2021 Update: Understanding when to use 99214 CPT Code

On January 1, 2021, E/M coding updates took effect and level determination is now based on either time or medical decision making. Many health care professionals have embraced the new system, but questions remain about the activities that contribute to time allotment and medical decision-making levels. This blog takes a deeper dive into correctly coding for 99214.

Accurately coding for 99214 CPT- Level 4 Established Patient

The AMA© definition:

99214 CPT: Office or other outpatient visit for the evaluation and management of an established patient, which requires a medically appropriate history and/or examination and moderate level of medical decision making. When using time for code selection, 30-39 minutes of total time is spent on the date of the encounter.

What qualifies as being an established patient?

There is more to the definition of a new or established patient than meets the eye. Of course, a new patient can be entirely new to the practice; however, there is another scenario. A new patient may be a patient that has been seen in the past. If a patient has not been seen within the last three years– in the same specialty, in the same group practice – they are considered a new patient. Established patients have been seen within three years in the same specialty in the same practice.

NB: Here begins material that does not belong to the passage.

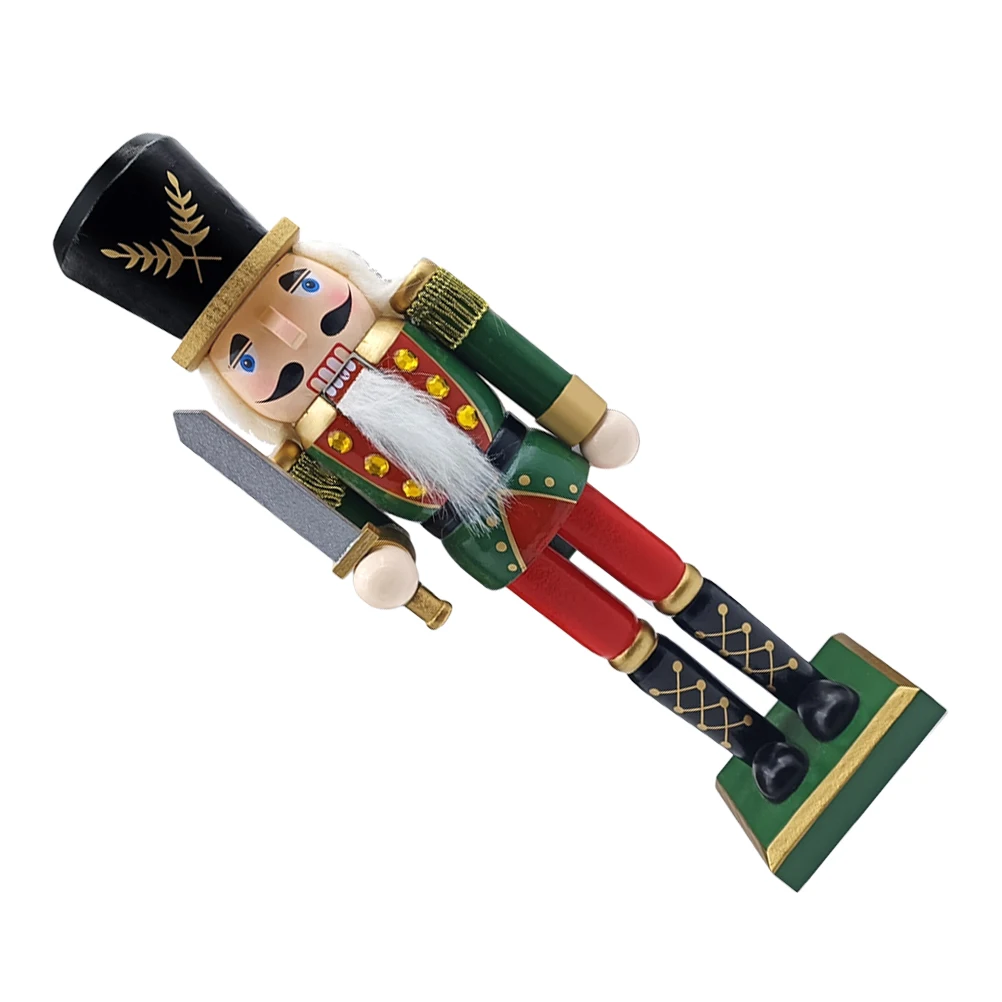 

Wooden Nutcracker Christmas nament Gold Figures Man Decor Craft Holiday Gift Desktop Table Decoration Christmas Tree Accessories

What is moderate medical decision making?

There are three elements to medical decision making: number/complexity of problems, number/complexity of data to be reviewed, and risk of morbidity.

According to the AMA, a problem is considered of moderate complexity if it contains any one of the following:

  • 1 or more chronic illnesses with exacerbation, progression or side effects of treatment
  • 2 or more stable chronic illnesses
  • 1 undiagnosed new problem with an uncertain prognosis
  • 1 acute illness with systematic symptoms
  • 1 acute complicated injury

The amount and complexity of data to review needs to fill at least one out of three categories:

  • Category 1: The review of at least three tests and/or documents or an assessment requiring an independent historian
  • Category 2: Independent interpretation of a test performed by another provider
  • Category 3: Discussion with an external health care professional about management or test results

And, there is a moderate risk of complication, illness, or injury from additional diagnostic testing or treatment (morbidity).

What activities count for physician time during the visit?

E/M time is still defined as face-to-face interactions between patients and qualified health providers (QHP), but other activities are included in the E/M time allotment:

  • Preparing to see a patient (i.e., review of tests)
  • Obtaining and/or reviewing a separately obtained history
  • Counseling and educating the patient/family/caregiver
  • Ordering medications, tests, or procedures
  • Referring and communicating with other health care professionals
  • Documenting clinical information in the patient record

The 99214 time allotment is between 30-39 minutes. Providers must record exact beginning and end times in the patient record.

Although coding is now mainly determined by time and medical decision making, health care professionals should still document patient history and perform examinations when appropriate. Providers are expected to use professional judgment to investigate or record anything relevant to patient care.